Educare al tempo del terrorismo/2. Educazione e Cittadinanza mondiale

A questa domanda aveva provato in parte a rispondere, qualche giorno prima degli attentati di Bruxelles, il convegno di presentazione del ‘Quaderno n. 11’ della associazione TreeLLLe, intitolato  “Educare a vivere con gli altri nel XXI secolo”.

Il convegno era internazionale, con relazioni riguardanti Francia, Germania, Polonia e Italia e gli interventi di Silvia Costa, parlamentare europea e Andreas Schleicher, direttore della divisione Education dell’Ocse. Ne era uscito un quadro di preoccupante carenza di efficacia delle misure previste nei diversi Paesi in materia di educazione alla cittadinanza, o meglio alla global citizenship nel XXI secolo, e la necessità, sottolineata da Costa, di dare spazio alla creatività, allo spirito critico, al pluralismo e alla valorizzazione delle diversità (anche in materia religiosa) fin dalla prima infanzia.

Il dibattito si era poi concentrato sulla situazione italiana, dove la ‘non materia’ Educazione civica (e successive varianti terminologiche) si era dimostrata inadeguata al compito di educare alla Cittadinanza: neppure a quella limitata al solo nostro contesto nazionale. Che fare? Ancora una volta l’idea proposta, anzi ri-proposta, era stata quella di dare corpo alla non materia facendola diventare, in buona sostanza, una materia. Attilio Oliva, presidente di TreeLLLe, aveva prospettato l’ipotesi dell’inserimento nei curricula scolastici di un insegnamento di 60 ore all’anno con voto separato, da affidare a “un insegnante che non insegni altro anche se in sinergia con i colleghi”.

Un insegnamento non fatto di lezioni ex cathedra, aveva specificato Oliva, ma di attività essenzialmente interdisciplinari volte a rafforzare la capacità di collaborare, discutere, confrontare, svolgere attività sportive e di volontariato (‘educazione civile’) nel rispetto di regole generali e valori come quelli  – da studiare e imparare – indicati nell’ordinamento giuridico e nella Costituzione (‘educazione civica’). Comunque una materia distinta, con uno spazio curricolare definito: non qualcosa, come aveva osservato Schleicher con riferimento alla situazione italiana, che rientrando nelle competenze di tutti finiva per non essere curata da nessuno.

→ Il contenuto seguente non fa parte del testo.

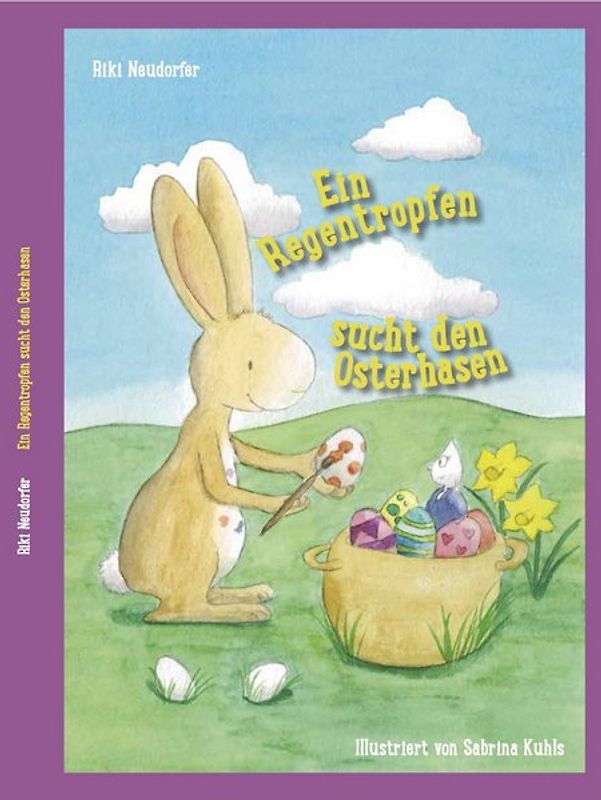 Ein Regentropfen sucht den Osterhasen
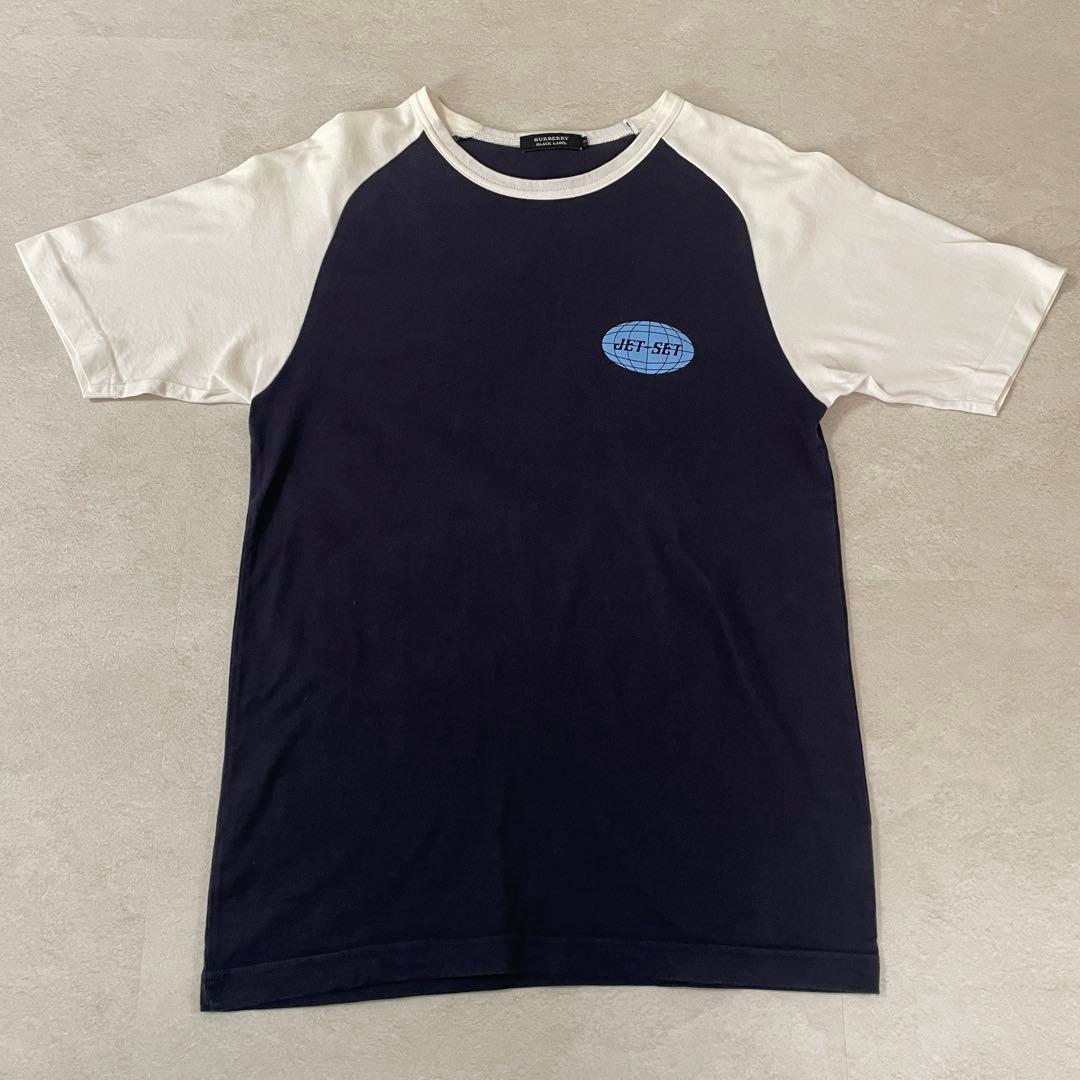 BURBERRY BLACKLABEL バックプリント 半袖Tシャツ 2サイズ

TreeLLLe ha proposto di sperimentare il suo modello di educazione alla cittadinanza in 100 scuole secondarie superiori, utilizzando anche lo spazio orario delle assemblee studentesche. Vedremo se e quale fortuna avrà la proposta, ma ci sembra che la riflessione su che cosa fare – ora e in tutte le scuole – di fronte ad eventi come quelli legati al terrorismo nel mondo meriti massima e urgente attenzione.

E che, con riguardo al terrorismo, la questione non vada ricondotta solo alla necessità di educare gli “stranieri” (neo arrivati o nati in Italia), ma di educare anche gli italiani, agevolando l’incontro per prevenire lo scontro. Molto c’è da fare in questa direzione, tra cui preparare i docenti ad educare all’integrazione, incidere sulla loro cultura, favorendo la conoscenza delle culture diverse da quella italiana e creare strutture non solo di accoglienza ma di vita sociale, perché è nel contesto di una società che apprende che si realizza la crescita individuale.